Well, that one was for completeness.
quoted
quoted
- jit_harden can be turned on by systemd. so turning it during the boot
  will make systemd progs to be constant blinded.
  Constant blinding protects kernel from unprivileged JIT spraying.
  Are you worried that systemd will attack the kernel with JIT spraying?
I'm worried that systemd can be exploited for a JIT spraying attack.

Another thing I'm concerned with is that the generated code is different,
which introduces additional complication during debugging.
quoted
I think you are missing that, we want the ability to change these
defaults in-order to avoid depending on /etc/sysctl.conf settings, and
that the these sysctl.conf setting happen too late.

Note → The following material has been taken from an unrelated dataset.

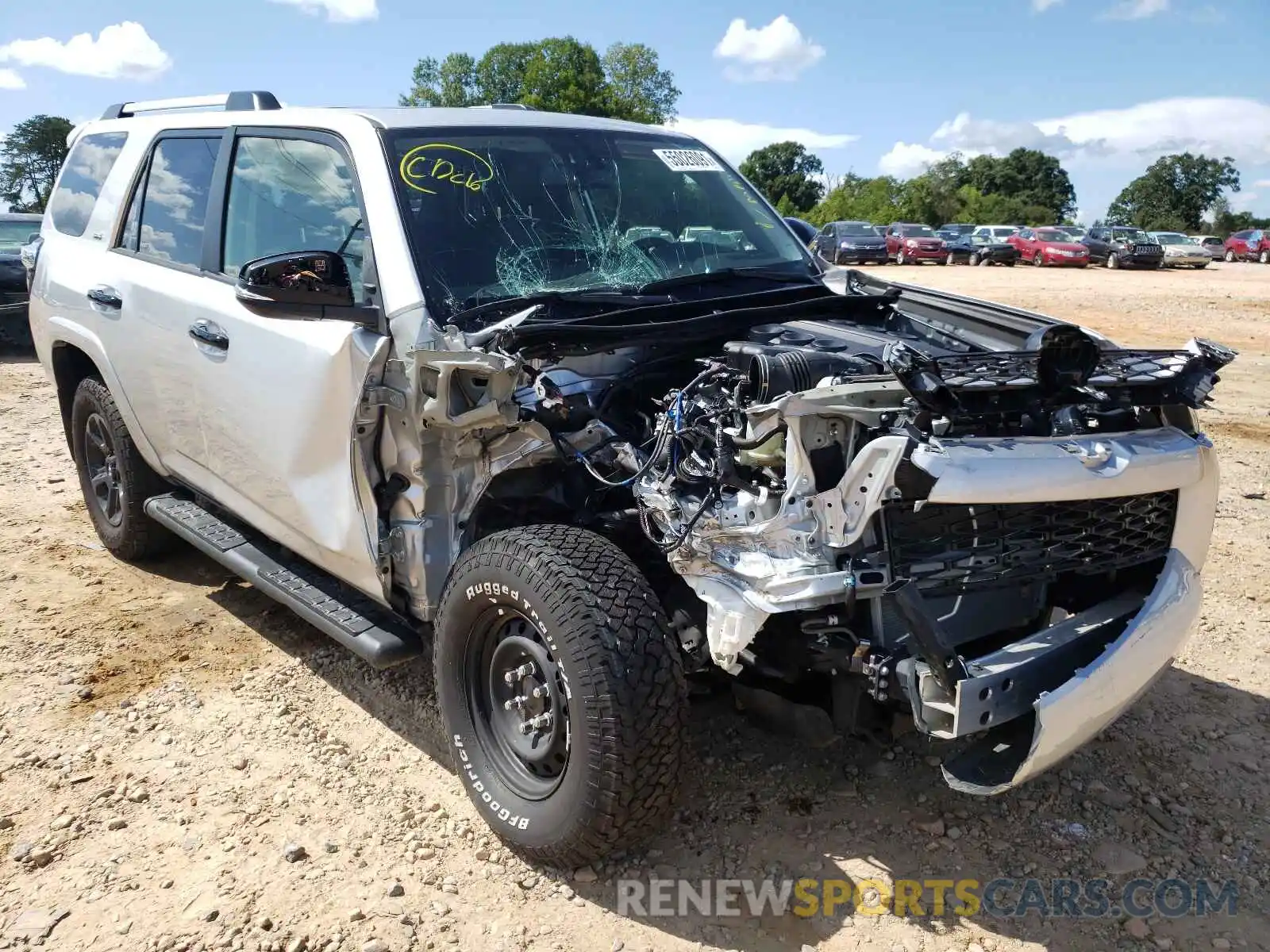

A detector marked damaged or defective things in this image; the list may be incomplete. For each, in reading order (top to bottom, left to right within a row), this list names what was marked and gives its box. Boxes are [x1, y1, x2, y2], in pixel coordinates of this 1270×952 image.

shattered windshield glass [381, 127, 807, 324]
cracked windshield [381, 127, 813, 324]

What does it mean 'happens too late' ?
Too late for what?
sysctl.conf has plenty of system critical knobs like
kernel.perf_event_paranoid, kernel.core_pattern, etc
The behavior of the host is drastically different after sysctl config
is applied.
quoted
For example with jit_harden, there will be a difference between the
loaded BPF program that got loaded at boot-time with systemd (no
constant blinding) and when someone reloads that systemd service after
/etc/sysctl.conf have been evaluated and setting bpf_jit_harden (now
slower due to constant blinding).   This is inconsistent behavior.
net.core.bpf_jit_harden can be flipped back and forth at run-time,
so bpf progs before and after will be either blinded or not.
I don't see any inconsistency.
That can't be the reason to maintain that inconsistency.